De leur côté, les enfants, qui voulent nourrir avec un morceau de pomme le cui que Gilles a attrappé la nuit précédente, le laissent s'échapper. Alexandre, qui le retient par la queue, se fait mordre au passage. Le cui, affolé, se précipite dans le moteur du van de Mick et Ulla. Ils partent rouler quelques kilomètres pour essayer de l'en déloger. De notre côté, nous sommes ravis puisque Madame cui a décidé de quitter le navire par une porte laissée ouverte.

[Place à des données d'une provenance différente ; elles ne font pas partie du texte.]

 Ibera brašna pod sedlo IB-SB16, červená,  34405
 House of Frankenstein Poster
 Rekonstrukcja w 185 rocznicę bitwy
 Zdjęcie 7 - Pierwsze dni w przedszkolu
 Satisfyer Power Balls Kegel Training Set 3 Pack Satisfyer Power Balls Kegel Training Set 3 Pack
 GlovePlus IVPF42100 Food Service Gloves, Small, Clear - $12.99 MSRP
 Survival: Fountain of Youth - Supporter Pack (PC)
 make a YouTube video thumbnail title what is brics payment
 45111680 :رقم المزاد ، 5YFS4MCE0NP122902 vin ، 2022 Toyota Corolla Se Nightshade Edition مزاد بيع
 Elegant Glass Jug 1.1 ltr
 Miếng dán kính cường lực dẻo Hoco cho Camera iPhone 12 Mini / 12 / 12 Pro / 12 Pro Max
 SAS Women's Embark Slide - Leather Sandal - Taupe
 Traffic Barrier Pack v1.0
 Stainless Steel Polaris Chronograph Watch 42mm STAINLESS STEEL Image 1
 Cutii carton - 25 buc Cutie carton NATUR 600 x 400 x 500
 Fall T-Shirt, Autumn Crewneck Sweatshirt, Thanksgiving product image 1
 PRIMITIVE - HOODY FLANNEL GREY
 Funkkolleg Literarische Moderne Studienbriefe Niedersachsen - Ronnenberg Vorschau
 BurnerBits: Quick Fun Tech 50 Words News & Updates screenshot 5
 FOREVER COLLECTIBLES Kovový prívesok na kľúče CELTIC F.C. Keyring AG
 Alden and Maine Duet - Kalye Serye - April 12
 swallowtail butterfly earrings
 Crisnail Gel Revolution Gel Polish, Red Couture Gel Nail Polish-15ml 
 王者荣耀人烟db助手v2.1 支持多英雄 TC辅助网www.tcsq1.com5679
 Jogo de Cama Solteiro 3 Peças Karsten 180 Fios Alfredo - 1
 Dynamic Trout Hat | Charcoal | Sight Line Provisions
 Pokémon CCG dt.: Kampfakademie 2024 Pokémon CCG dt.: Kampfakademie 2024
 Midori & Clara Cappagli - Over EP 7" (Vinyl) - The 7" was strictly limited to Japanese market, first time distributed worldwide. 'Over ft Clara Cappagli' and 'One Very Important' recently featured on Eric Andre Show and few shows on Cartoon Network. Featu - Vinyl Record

Monsieur est en vadrouille avec Mick et Ulla, et les freins sont réparés... Nous aurons enfin une nuit tranquille... jusqu'à 2 heures du matin, où des grignotements nous confirment que Monsieur et Madame cuis sont de retour. Nous essayons à nouveau de les attraper mais en vain... Dur dur. On se console avec les freins.
Après l'école nous partons cette fois-ci explorer la partie droite de la plage. La marche est un peu plus longue. Un autre harem s'y est formé et le même scénario s'y répète. Nous restons un peu plus en retrait. Toujours fascinés par ce qui se passe. Toute la petite famille mattonlesvoiles regarde, se gorge de chaque image, de chaque minute qui passe sur cette plage. Est-ce parce que la fin du voyage approche ? Est-ce parce que la vue est si superbe ? Nous voulons pourtant tous profiter au maximum de ces moments forts et uniques.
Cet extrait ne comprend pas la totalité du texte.